Years ago when I first registered breakall.org, I used the now defunct Microsoft Custom Domains to manage the domain and receive email at scott@breakall.org. This involved creating an MX record for breakall.org pointed to a Microsoft IP address. Later when I decided to build my own email server, I created a new top priority MX record for breakall.org pointed at my own server, but I left the Microsoft MX record as a secondary. Functionally this meant that for the last four years, outlook.com has been a safety net for email that might be lost if it was sent to my email server at a time when my server was down for any reason. Overall, I’ve had pretty good uptime, but there have been a few… incidents along the way that caused it to be down for a while. So I would occasionally check the Microsoft inbox to see if any emails had fallen into the safety net, and there was rarely anything in there.
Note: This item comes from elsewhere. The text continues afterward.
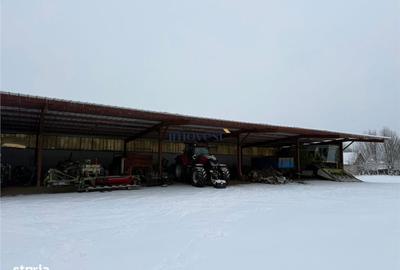 Casă cu 6 camere cu Teren 52000 Mp în Supur - 6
Another key element to this story is that in the continuous fight against spam, I learned about and enabled greylisting on my primary server. Greylisting works by responding to an initial contact from an external SMTP server with a 451 message: “Recipient address rejected: Greylisting in effect, please come back later”. Normally, the sending SMTP server will just wait about 10 minutes, then try again, at which point, the message will be processed normally. This cuts down on a lot of spam because malicious email servers don’t typically bother to try again. (A side effect is that incoming mail can be delayed while the external server waits to retry.)
In the last month, I’ve been noticing more emails slipping into the Microsoft inbox. I hadn’t had any issues with uptime on my own email server (that I knew of anyway), and I was receiving a normal amount of email in the primary inbox, so I began to investigate.
What I found in mail.log on the primary server was that certain senders would try once, get deferred by the greylisting, and then just never try again.
Apparently, more “valid” mass mailers (e.g. mandrillapp, elexio) have changed their behavior recently to check for a secondary MX record and immediately contact the secondary server to deliver the email, rather than retrying the primary after a delay period.
So the fix was to remove the secondary MX record, thereby leaving the senders no choice but to retry in order to deliver the email.
Of course this means my safety net is gone.
The next day, I already had some emails from senders that had been showing up in the secondary, so the fix seems to have worked. Time will tell if some other unintended consequence presents itself.